Smith was selected for the Australian team to play in the 1999 ANZAC Test, and to compete in the end of season 1999 Tri Nations tournament. In the final against New Zealand he played at centre in the Kangaroos' 22–20 victory.

===2000s===
In 2000 he was awarded the Australian Sports Medal for his contribution to Australia's international standing in rugby league. Smith left the Bulldogs at the end of 2002 (denied the opportunity to finally win a premiership with the club when it was stripped of its competition points) to play with English club St. Helens. Having won Super League VI, St Helens contested the 2003 World Club Challenge against 2002 NRL Premiers, the Sydney Roosters. Smith played at second-row forward in Saints' 38–0 loss.

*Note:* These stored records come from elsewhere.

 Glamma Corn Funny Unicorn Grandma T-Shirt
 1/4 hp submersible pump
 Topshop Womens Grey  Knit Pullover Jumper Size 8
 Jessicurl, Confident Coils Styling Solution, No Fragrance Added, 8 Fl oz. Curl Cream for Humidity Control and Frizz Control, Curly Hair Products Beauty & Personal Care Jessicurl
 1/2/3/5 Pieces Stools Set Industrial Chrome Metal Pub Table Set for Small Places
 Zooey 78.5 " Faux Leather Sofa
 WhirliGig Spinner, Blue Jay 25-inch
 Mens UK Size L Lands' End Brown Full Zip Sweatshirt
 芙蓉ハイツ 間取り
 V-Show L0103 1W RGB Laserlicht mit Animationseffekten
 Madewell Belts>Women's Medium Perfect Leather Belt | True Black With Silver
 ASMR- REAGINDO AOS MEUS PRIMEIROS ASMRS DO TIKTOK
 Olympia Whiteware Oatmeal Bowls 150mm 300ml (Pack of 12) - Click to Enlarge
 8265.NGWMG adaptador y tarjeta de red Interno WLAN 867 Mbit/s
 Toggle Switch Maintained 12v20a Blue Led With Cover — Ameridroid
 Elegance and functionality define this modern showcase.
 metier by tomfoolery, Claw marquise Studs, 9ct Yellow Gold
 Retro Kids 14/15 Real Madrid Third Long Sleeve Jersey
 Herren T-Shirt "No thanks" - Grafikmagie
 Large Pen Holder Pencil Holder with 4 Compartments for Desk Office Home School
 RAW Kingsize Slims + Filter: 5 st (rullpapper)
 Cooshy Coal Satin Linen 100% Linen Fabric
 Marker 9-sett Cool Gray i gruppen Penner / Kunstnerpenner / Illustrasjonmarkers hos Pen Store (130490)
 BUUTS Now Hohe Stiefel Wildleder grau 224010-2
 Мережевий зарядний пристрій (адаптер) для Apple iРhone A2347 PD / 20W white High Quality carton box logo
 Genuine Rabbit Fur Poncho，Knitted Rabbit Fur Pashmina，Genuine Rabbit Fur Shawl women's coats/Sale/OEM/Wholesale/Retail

At the end of his first English season Smith was unexpectedly called into the Third Test of the Ashes series (despite being 34 years old and outside the NRL) by his former Bulldogs coach, national coach Chris Anderson, who felt the available 2003 Kangaroo s were not experienced enough.

==Retirement==
Smith returned to Australia in 2004 and made cameo appearances with the Broncos in two matches while playing for his former club, Eastern Suburbs Tigers. At age 36 years and 284 days, he was the NRL's oldest player in 2005. Smith finally retired as a player after Easts were beaten in the grand final. At the time of his retirement Smith held the record for most tries in a season for the Broncos (together with Steve Renouf) at 23.